Single by Juanes

from the album La Vida... Es Un Ratico
- Released: 17 December 2007
- Recorded: 2007
- Genre: Latin, rock en español
- Length: 3:13
- Label: Universal
- Songwriter: Juanes
- Producer: Gustavo Santaolalla

Juanes singles chronology
| "Me Enamora" (2007) | "Gotas de Agua Dulce" (2007) | "Tres" (2008) |

= Gotas de Agua Dulce =

"Gotas de Agua Dulce" (Eng.: Drops of Fresh Water) is the title of the second single released by Juanes from his fourth studio album La Vida... Es Un Ratico.

==Chart performance==
The track debuted in the United States Billboard Hot Latin Tracks chart at number 33 on 19 January 2008, and in the week of 23 February 2008, the single peaked at number 1, dethroning his own single "Me Enamora" which spent 20 non-consecutive weeks at the summit.

In Mexico, a preloaded bundle of audio and video tracks including "Me Enamora", "La Vida Es Un Ratico", "Gotas de Agua Dulce" and "Webisode" was certified 2×Platinum+Gold by Asociación Mexicana de Productores de Fonogramas y Videogramas (AMPROFON) for selling 250,000 units.

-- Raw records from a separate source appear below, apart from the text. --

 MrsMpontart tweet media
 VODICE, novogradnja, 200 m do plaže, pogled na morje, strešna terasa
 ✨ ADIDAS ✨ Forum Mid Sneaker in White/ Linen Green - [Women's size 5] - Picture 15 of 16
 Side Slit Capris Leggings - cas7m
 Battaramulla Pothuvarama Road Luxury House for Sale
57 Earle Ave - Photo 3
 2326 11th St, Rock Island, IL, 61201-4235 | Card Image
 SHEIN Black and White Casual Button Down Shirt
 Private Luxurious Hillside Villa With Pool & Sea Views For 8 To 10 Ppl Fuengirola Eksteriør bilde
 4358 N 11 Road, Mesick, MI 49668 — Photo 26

== Charts and certifications==

===Weekly charts===

| Chart (2008) | Peak position |
|---|---|
| Mexico (Monitor Latino) | 1 |
| Spain (PROMUSICAE) | 10 |
| US Bubbling Under Hot 100 (Billboard) | 2 |
| US Hot Latin Songs (Billboard) | 1 |
| US Latin Pop Airplay (Billboard) | 1 |
| US Latin Rhythm Airplay (Billboard) | 1 |
| US Tropical Airplay (Billboard) | 1 |
| Venezuela (Record Report) | 1 |
| Venezuela Pop Rock (Record Report) | 5 |

===Year-end charts===

| Chart (2008) | Position |
|---|---|
| Spain (PROMUSICAE) | 30 |

===Certifications===

| Region | Certification | Certified units/sales |
| Mexico (AMPROFON) Pre-loaded | 2× Platinum+Gold | 250,000^{*} |
| Spain (Promusicae) | Platinum | 20,000^{*} |
^{*} Sales figures based on certification alone.